A negative vibe lingered across financial markets on Friday, after President Donald Trump’s vow to impose severe tariffs on imports of steel and aluminum sparked fears of a global trade war.
In a move that dealt a blow to global sentiment, Trump said on Thursday that the United States would set tariffs of 25% on steel imports and 10% on aluminum. This bombshell development is likely to fuel concerns of retaliatory actions from major U.S. trade partners consequently weighing on risk appetite. Investors are clearly jittery by the threat of a potential global trade war and its possible effect on stock markets.

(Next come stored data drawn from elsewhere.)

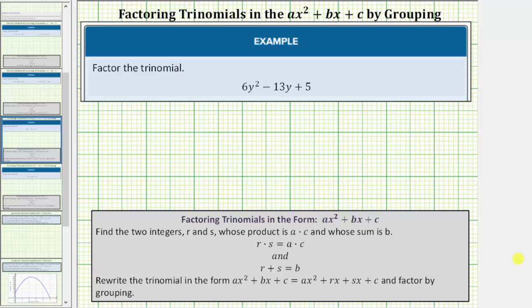Welcome to an example on how to factor a trinomial in the form ax squared plus bx plus c by the grouping technique when a is not a common factor among all three terms.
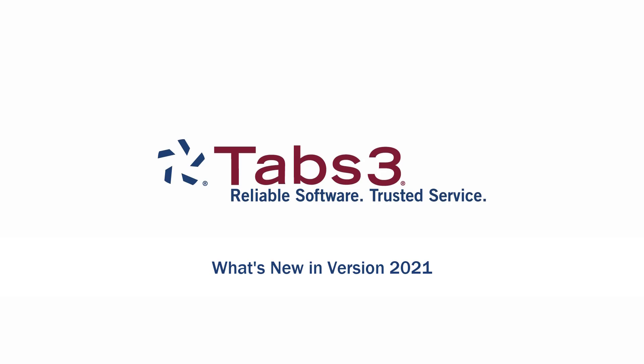Hello and welcome! Today we're going to take a look at some of the new features in version 2021.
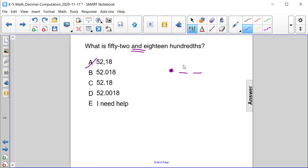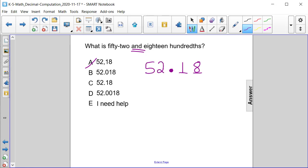So the 18 will occupy both of these. And then we have to the left of the decimal point, we have the number 52. So that means five tens and two ones, or answer choice C.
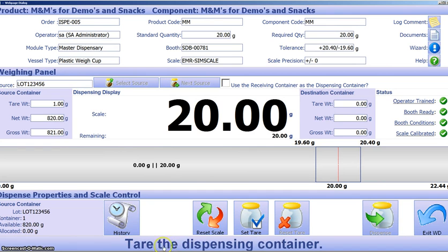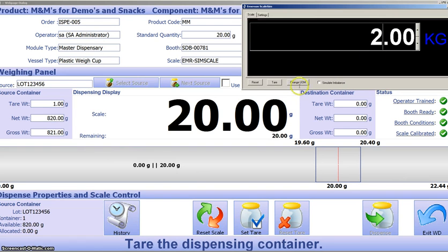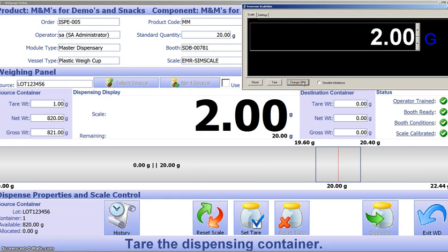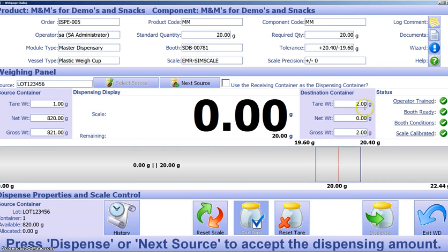Now, following our instructions down at the bottom, it says to tare the dispense container. We're, for our demo, just going to use this little simulator. So let's say that our dispense container was two grams, not two kilograms, we'll change that to two grams. Once we have that ready, we'll set the tare. We now see that the scale resets to zero and our tare weight is two.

Asian equities were under intense selling pressure during early trading on Friday, following the market’s painful declines overnight. In Europe, shares ventured lower, as investors maintained a safe distance from riskier assets. The negative sentiment from Asian and European markets could find its way back into the market’s this afternoon.
Dollar slips on Trump’s tariff hikes
The dollar sharply depreciated against a basket of major currencies on Thursday evening after Trump’s tariff announcement sparked market jitters. Federal Reserve Chairman Powell’s softer tone during his second day of testimony also played a role in the Greenback’s decline — with the U.S. Dollar Index trading around 90.20 as of writing. While heightened worries of a trade war could pressure the dollar, speculation over higher US interest rates has the ability to cushion the downside. Focusing on the technical picture, the Dollar Index is at threat of extending losses if bears are able to conquer the 90.00 level.

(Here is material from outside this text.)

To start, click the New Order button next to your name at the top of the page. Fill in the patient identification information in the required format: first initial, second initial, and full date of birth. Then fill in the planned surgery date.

Sterling turns to Theresa May for direction
This is certainly shaping up to be a painful trading week for the British Pound, thanks to renewed jitters over Brexit negotiations. The fresh dispute over Northern Ireland’s border has effectively eroded market optimism over a “soft Brexit” outcome, consequently weighing heavily on the Pound.

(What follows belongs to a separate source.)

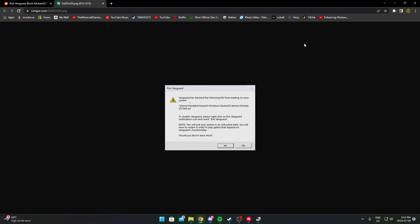Today I'll show you how to fix the warning message on Riot Vanguard anti-cheat. This usually occurs on ASUS motherboards when you have the Sonic drivers installed on your computer, so we're going to disable that.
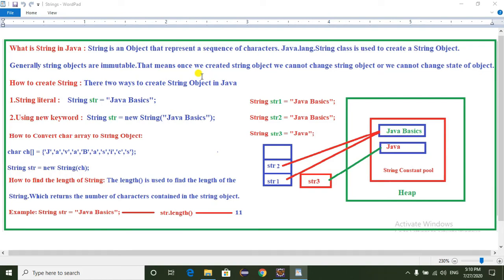Hi everyone, today I am going to explain what is String in Java and how to create a String, how to convert a character array into a String object, and also how to find the length of the String.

Theresa May will be in the spotlight today as she delivers a speech about Britain’s future relationship with the European Union after Brexit. Markets will be closely scrutinizing May’s remarks for any fresh clues on how the UK plans to address the European Union’s Irish border proposal. Sterling could turn volatile today, especially when considering how the currency remains highly reactive to Brexit developments.
Taking a look at the technical picture, the British pound/U.S. dollar (GBP/USD) currency pair remains bearish below 1.3850. Sustained weakness below this level could invite a decline back towards 1.3750 and 1.3700, respectively.
Commodity spotlight: Gold
Gold staged a sharp rebound on Thursday evening after Trump’s tariff plan sparked risk aversion and weakened the dollar.
While the yellow metal could venture higher in the near term amid the skittish market sentiment, losses are likely to be limited by U.S. rate hike expectations. It must be kept in mind that gold is a zero-yielding asset, which will feel the burn in a high-interest rate environment. From a technical standpoint, prices remain under pressure below $1,324.15 per ounce. A failure for bulls to break above this level could result in a decline back toward $1,310 and $1,300, respectively. Alternatively, a breakout above $1,324.15 may pave a way higher back to $1,340.